I note that, in the papers for today’s proceedings, the Minister’s explanatory statement refers to the 24-hour period, which, if it had stood alone without the possibility of extension, could have been acceptable, but I agree with her that it is right to have consistency throughout the Act. I confess to a bit of continuing anxiety, and not just about consistency within the Act. I have to say I was fairly confused when I came to look at the Act; it is a mighty beast. The Minister explained on Report, and I mention it today, that the original drafting was to achieve a balance between getting the arrested individual before a judge as quickly as possible and allowing the police sufficient time to gather supporting information. It is the latter that concerns me. The police must have the information to make the arrest, so what more is needed? Can the Minister expand on that when she winds up?

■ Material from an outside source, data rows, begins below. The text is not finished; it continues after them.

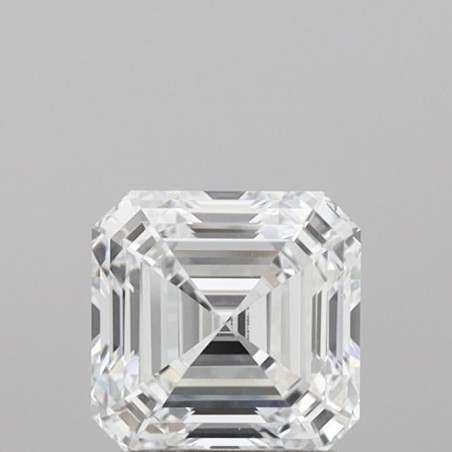 Diament laboratoryjny bezbarwny szlif szmaragdowy kwadratowy, 1.54ct, VVS2, D, IGI LG687536474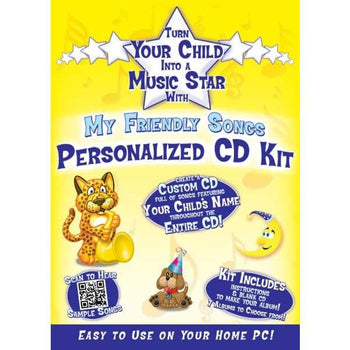 Friendly Songs Personalized Music Kit - Personalized Music for your Child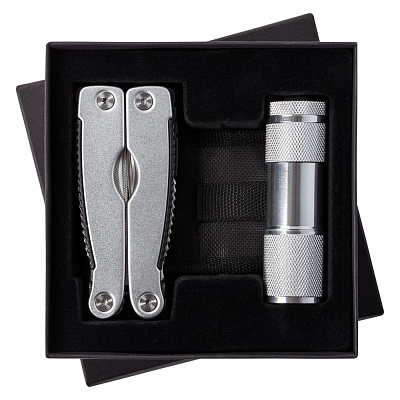 Набор Handmaster: фонарик и мультитул  (Серебристый)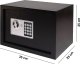 Sejf domowy biurowy zamek elektroniczny szyfrowy kluczyk kod XXL 35x25x25 cm 5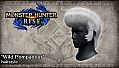 Monster Hunter Rise - "Wild Pompadour" hairstyle
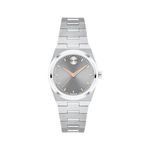 Ladies Bold Quest Mini Silver-Tone Stainless Steel Watch Gray Dial Product Image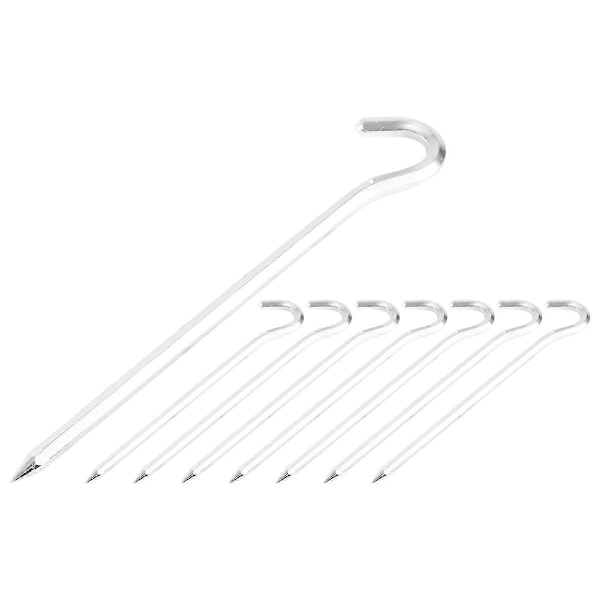 Teltplugger 8 STK 18cm Metall Kraftige Teltkroker Aluminium Legering Rustfrie Camping Telt Jordplugger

I am also slightly anxious because, inevitably, a fixed time period is clearer—it is much more easily enforceable; but that is a concern about the 2003 Act more broadly. I was reassured at earlier stages by the two very eminent noble and learned Lords, with their experience as two of the most senior members of the judiciary, who spoke about the 24/7 availability of judges. What is practicable now—as the Minister has explained in talking about geography and so on—is much more than a few years ago. I am very happy from our Benches and virtual Benches to support the amendment.
My Lords, I thank the noble Baroness, Lady Williams of Trafford, for explaining the purpose of the amendments in this group, all of which are in her name. I am content with the explanation she has given, which is clear; the intent is sensible, practical, proportionate and, as noble Lords have heard, consistent with wording used in similar relevant legislation. On that basis, I am happy to support the amendments today.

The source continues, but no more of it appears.